Solunum kasları ve kalp etkilenirse hastalık hayatı tehdit edici hale gelir.

Literatürde bu hastalık eş anlamlı birçok farklı isimle anılabilmektedir. Asit maltaz eksikliği (AMD), glikojenoz tip II (GSD), glikojenoz tip II veya asit alfa-glukozidaz eksikliği gibi isimlere rastlayabilirsiniz.

Pompe hastalığının teşhis ve tedavisinde 21. yüzyılın başlarında kuru kan damlası tarama testinin ve enzim replasman tedavisinin kullanılmaya başlanmasıyla bir çığır açılmıştır.

Hastalık kas güçsüzlüğü şeklinde kendini gösterir ve tedavi edilmediği takdirde ilerleyerek hastanın yaşam süresini kısaltır.

Hastalık ilk kez 1932 yılında Hollandalı Johannes C. Pompe tarafından tanımlanmıştır. Pompe, doğumdan sonraki 7 ay içinde bilinmeyen bir hastalıktan ölen bebeklerin kaslarını mikroskobik olarak incelemiştir. Bu bebeklerin hastalığının ortak özelliği kalplerinin büyümesiydi.

Bu bebeklerin kaslarında küçük polisakkarit glikojen nodülleri bulunduğunu fark etti.

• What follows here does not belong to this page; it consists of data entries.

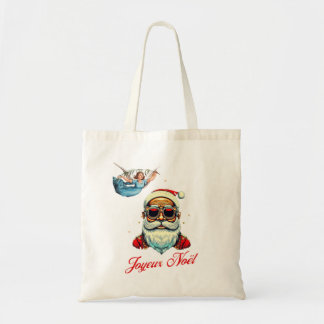 Tote Bag joyeux noel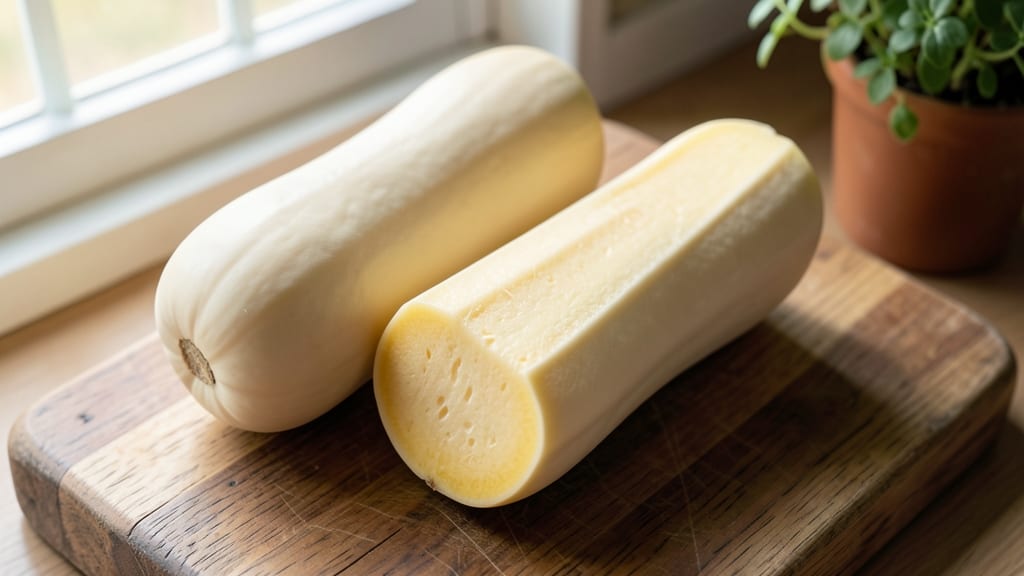 Delicata Squash for Easy Peeling Variety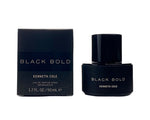 BLB17M - Kenneth Cole Black Bold Eau De Parfum for Men - 1.7 oz / 50 ml - Spray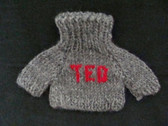 Boyd's  ~  BEARWEAR ... TED  KNIT SWEATER  *  Charcoal  *  NWT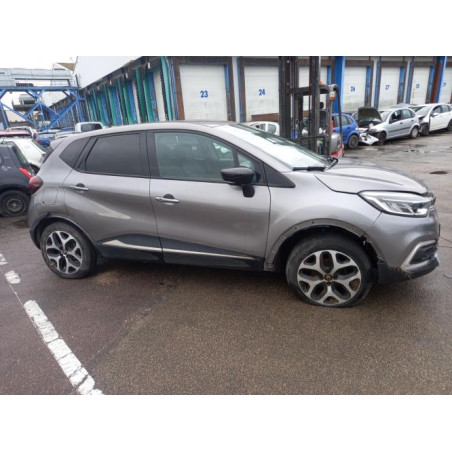 Carnet de bord RENAULT CAPTUR 1 PHASE 2 d’occasion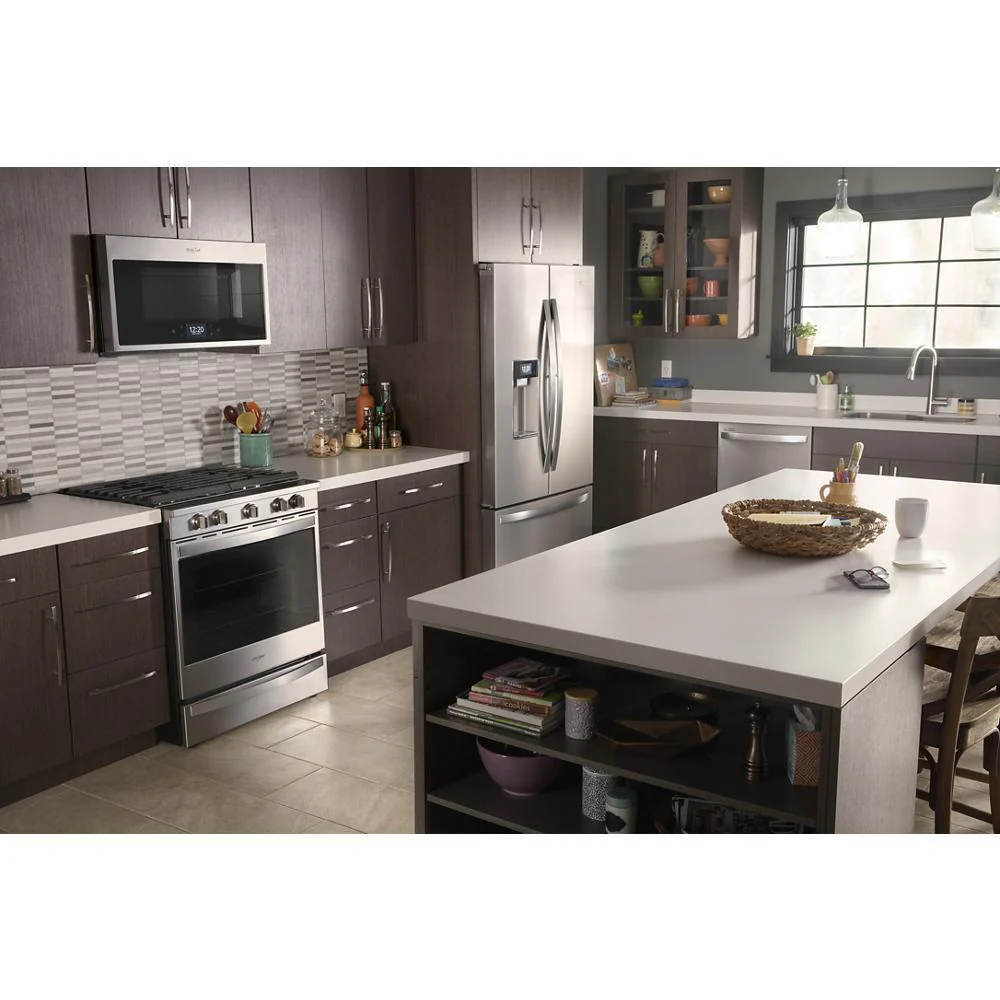 Whirlpool WRX735SDHZ 36-Inch Wide French Door Refrigerator - 25 cu. ft. - Image 15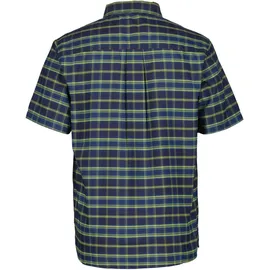 ICEPEAK Brigantine Kurzarmhemd Blau 58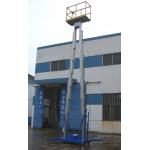 Height 8m Dual Mast Aerial Work Platform Insulated Type for sale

Kaslardaki glikojen birikiminin nedeninin belli bir enzim eksikliği olduğu ancak birkaç yıl sonra keşfedildi.

Patolog olmasının yanı sıra Pompe aynı zamanda bir savaşçı ve faşizm karşıtıydı. 2. Dünya Savaşı sırasında, rejimin diğer muhaliflerine bir uyarı olarak idam edildi. O sırada sadece 44 yaşındaydı.

Hastalığa onun onuruna Pompe hastalığı adı verildi.

Hastalığın dünya çapında görülme sıklığı olağandışıdır ve yaklaşık 40.000 kişiden 1'inde görüldüğü bildirilmiştir. Bununla birlikte, hastalığın coğrafi yayılımı tek tip değildir ve bazı etnik farklılıklar vardır.

Afro-Amerikan nüfusta hastalığın görülme sıklığı biraz daha yüksek olup yaklaşık 14.000'de 1'dir.

Aslında rakamlar daha yüksek olabilir. Birçok insan bu hastalığa sahiptir ancak henüz doğru teşhis konulmamıştır ya da bunun farkında değildir.

2004 yılında, 29 ülkeden 1.200'den fazla hastanın kayıtlı olduğu küresel bir Pompe hastalığı kaydı oluşturulmuştur.

Sebepler

Pompe hastalığı, alfa-glukozidaz veya eş anlamlısı asit maltaz adı verilen bir enzimin genindeki mutasyonun neden olduğu genetik bir bozukluktur. Bu enzim karbonhidrat metabolizmasına müdahale eder.

Glikojen, karaciğer ve kaslarda enerji deposu olarak bulunan bir polisakkarittir. Mikroskobik şekli dallıdır. Bunu bir şişe temizleme fırçası gibi düşünebiliriz.

Bu dallanmış lifler, vücudun ana enerji kaynağı olan glikoz moleküllerinden oluşur. Vücudun enerjiyi hızlı bir şekilde yenilemesi gerektiğinde, glikojenden "ısırır".

Glikojeni glikoza parçalamak için vücut alfa-glukozidaz (GAA) enzimini yaratmıştır.

Bu enzimin aktivitesi azalırsa ya da hiç yoksa glikojen kullanılamaz. Kullanılmayan glikojen karaciğer, kalp ve iskelet kaslarında birikir. Bu da Pompe hastalığının ana özelliği olan kas hastalığına (miyopati) neden olur.

Hücrelerin kullanamadığı glikojen, lizozom adı verilen belirli organellerde depolanır. Glikojen birikimi, hücrenin kendini "yediği" otofaji adı verilen hücresel bir süreci tetikler.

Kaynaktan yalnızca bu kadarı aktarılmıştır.